Album Review: Sleep Vol. 1 – Neonpajamas

Do you sometimes find it hard to fall asleep? Odds are that you do—in the modern industrialized world that we live in, sleep has become a valuable good that not everyone can afford. Plus, the omnipresence of social-media on our electronic devices with bright, fidgeting screens has a wide-ranging negative effect on sleeping patterns as well. Therefore, many of us – especially the ones not profiting too much from said world-concept—suffer from insomnia to a degree that makes it pose an actual threat to public health on a global scale.

However, Ben Niespodziany, aka Neonpajamas, is trying to provide some sort of remedy for this. The Chicago-based full-time librarian and full-soul album curator, editor, poet and illustrator released the appropriately titled Sleep Vol. 1 on May 27th, Part One of an ongoing series of extended plays on his own label (with Vol. 2 already in the starting blocks and set for release on June 10th). “It takes the average person seven minutes to fall asleep,” he writes, so why not curate a seven track EP with music that might help you sleep?

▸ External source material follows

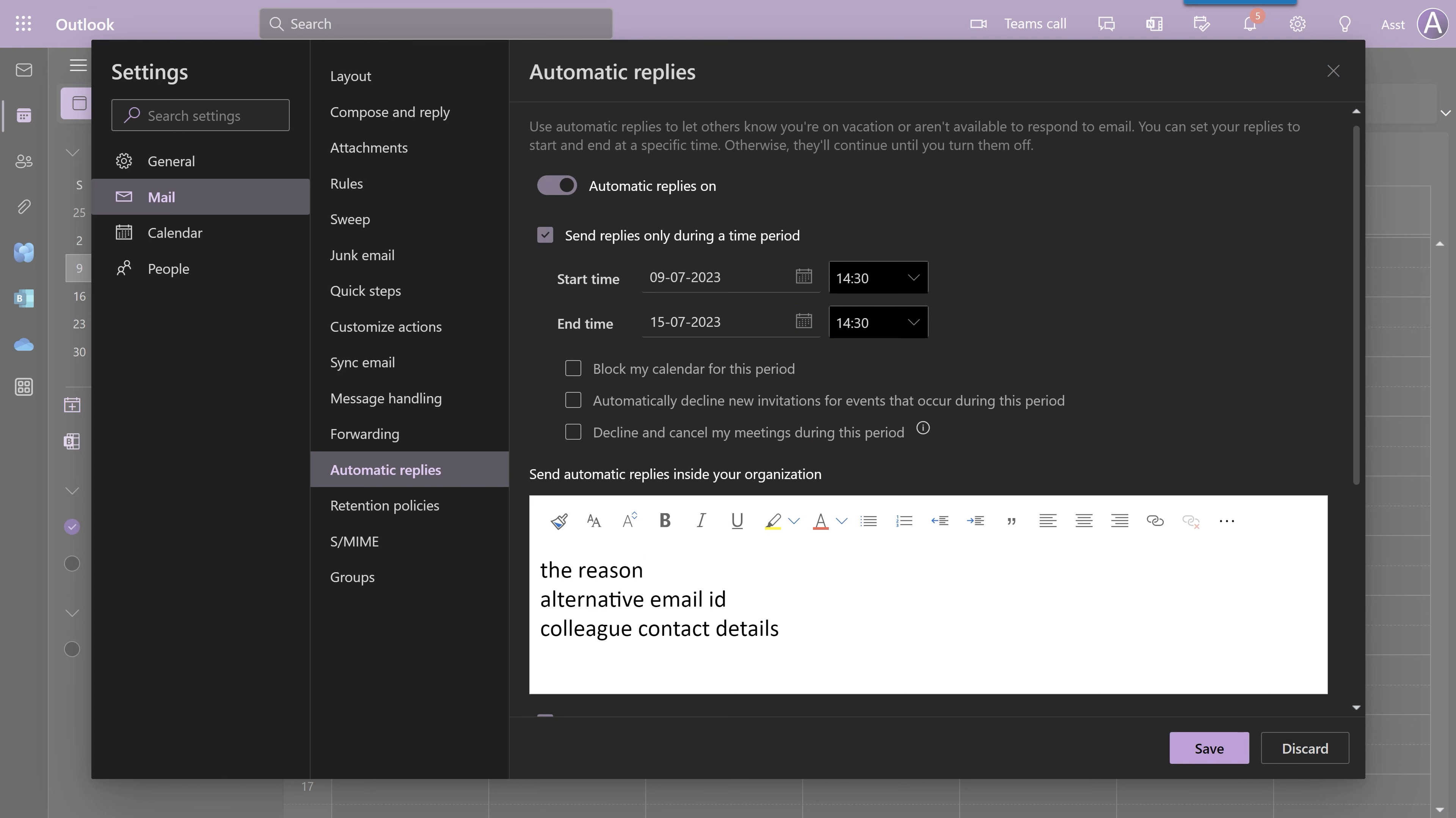And then I'm going to put some message. Usually, we put some reason. Maybe some alternative email ID, contact number. Details of a colleague whom other people can contact during your absence. But generally, this should be done only for people within the organization.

The record features a musically diverse and yet unified-sounding group of artists: St. Louis-based Cory Grindberg, fellow Chicagoans Jaro and Joe Nora, as well as Barnes Blvd., Alone Time, TedLK and Shrimpnose, all of whom prove to be experts in their respective fields. Whilst Grindberg – who usually takes less of a structural approach to his music that is almost reminiscent of soundscapes that R. Murray Schafer might have thought of – delivers some very bassy sequences on “Theta Waves”, the album explores a variety of musical possibilities. Alone Time’s “Kind of Existing” dips its feet into polytonality, Joe Nora explores the beauty of drum-set-driven modern Jazz on “Naps” and Shrimpnose is somewhere between SoundCloudishness and Folk with his detuned guitar-chords and melody lines.

In short: the whole thing is very interesting to listen to and still deeply relaxing. And although I didn’t fall asleep I felt a bit warmer after listening to the record, which is rare enough.